* **Action item**
Where a picture shows up in the listing below, omit it and output the rest exactly.

** Opening Collected data block **

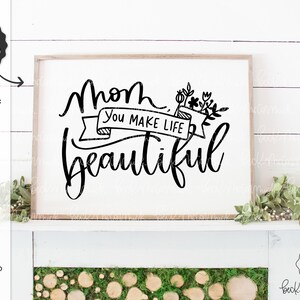 Maman, vous embellissez la vie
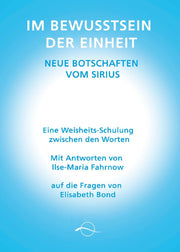 Im Bewusstsein der Einheit - Neue Botschaften vom Sirius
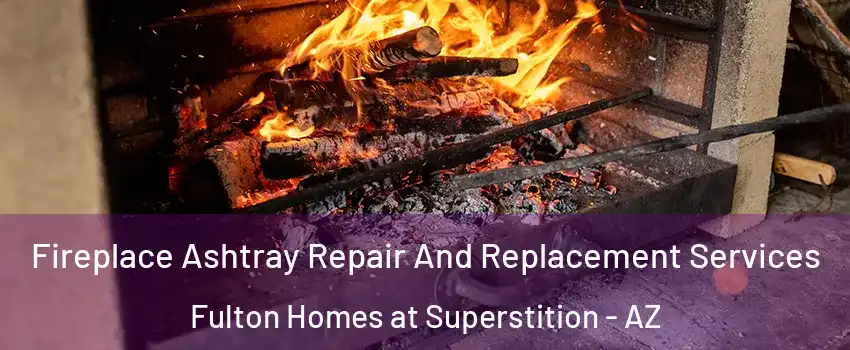 Fireplace Ashtray Repair And Replacement Services Fulton Homes at Superstition - AZ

** Closing Collected data block **

* **Solution for this task**
 Maman, vous embellissez la vie
 Im Bewusstsein der Einheit - Neue Botschaften vom Sirius
 Fireplace Ashtray Repair And Replacement Services Fulton Homes at Superstition - AZ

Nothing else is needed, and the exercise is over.